**Collected material:**
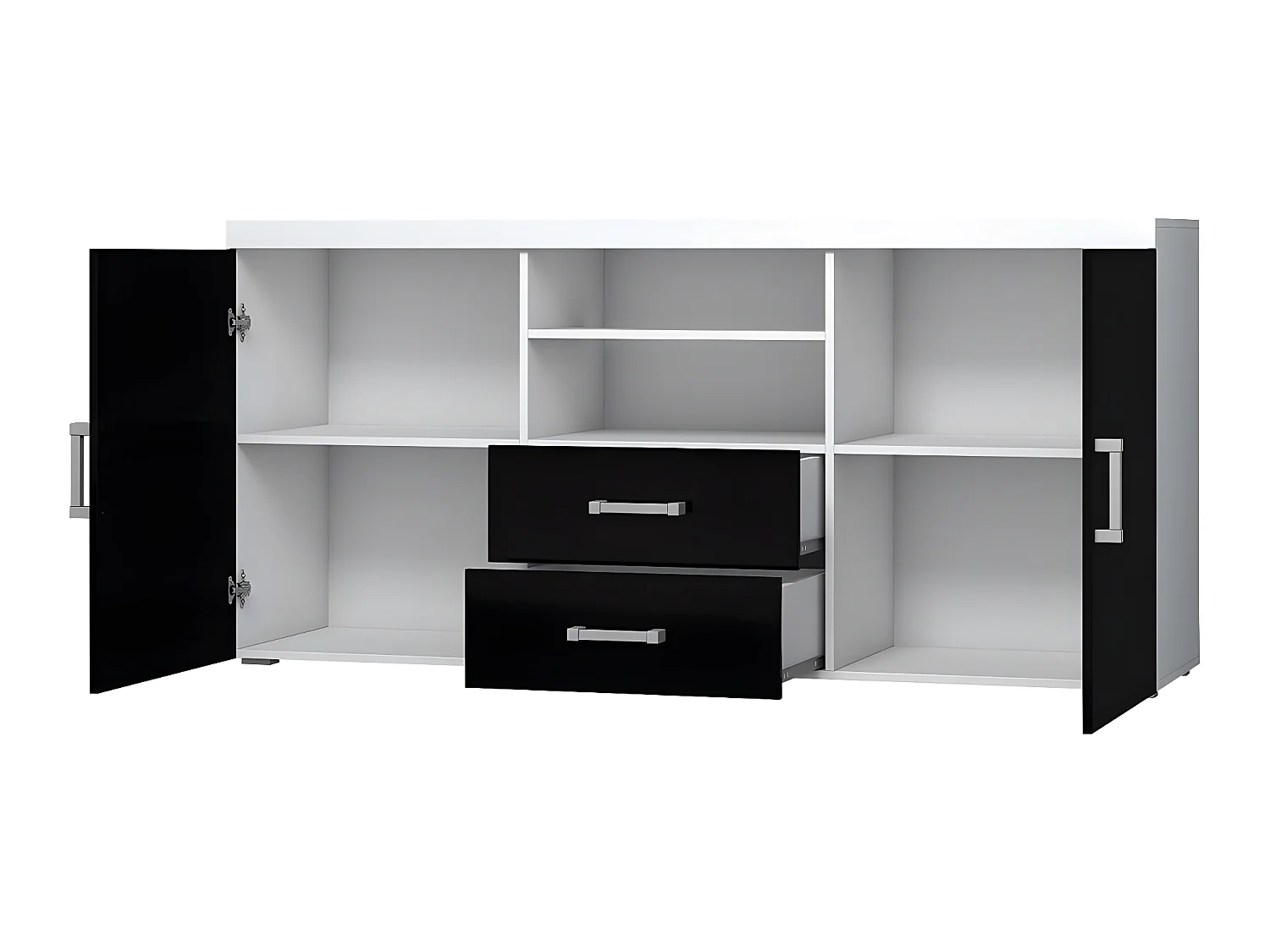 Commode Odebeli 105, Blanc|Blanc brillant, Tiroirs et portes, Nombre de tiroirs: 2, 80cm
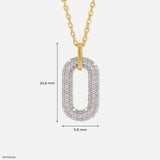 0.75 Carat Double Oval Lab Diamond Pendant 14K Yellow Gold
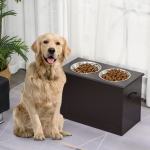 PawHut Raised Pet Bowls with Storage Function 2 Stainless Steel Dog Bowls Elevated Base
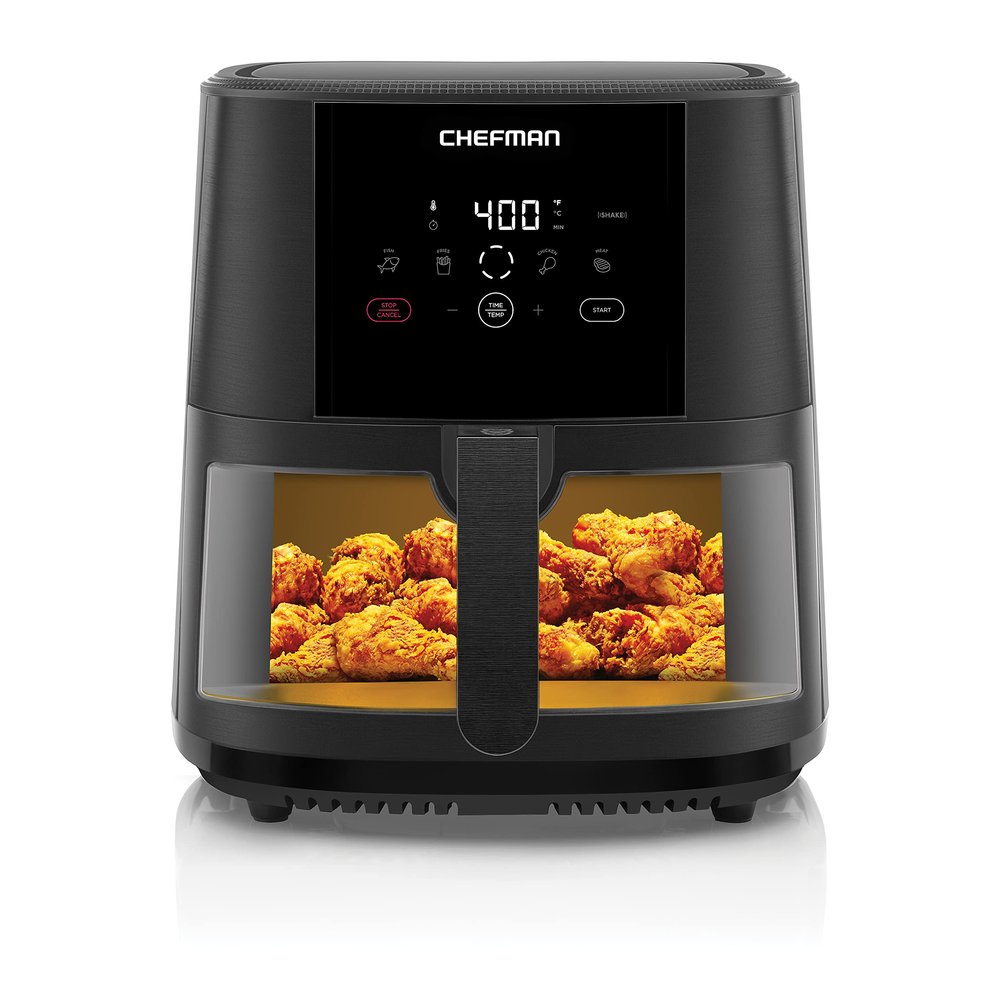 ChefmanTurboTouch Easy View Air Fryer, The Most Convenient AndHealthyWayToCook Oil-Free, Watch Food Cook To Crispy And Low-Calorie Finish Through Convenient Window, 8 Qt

**Work to be completed:** Pictures aside, retype the material exactly.

**Answer section:**
 Commode Odebeli 105, Blanc|Blanc brillant, Tiroirs et portes, Nombre de tiroirs: 2, 80cm
 0.75 Carat Double Oval Lab Diamond Pendant 14K Yellow Gold
 PawHut Raised Pet Bowls with Storage Function 2 Stainless Steel Dog Bowls Elevated Base
 ChefmanTurboTouch Easy View Air Fryer, The Most Convenient AndHealthyWayToCook Oil-Free, Watch Food Cook To Crispy And Low-Calorie Finish Through Convenient Window, 8 Qt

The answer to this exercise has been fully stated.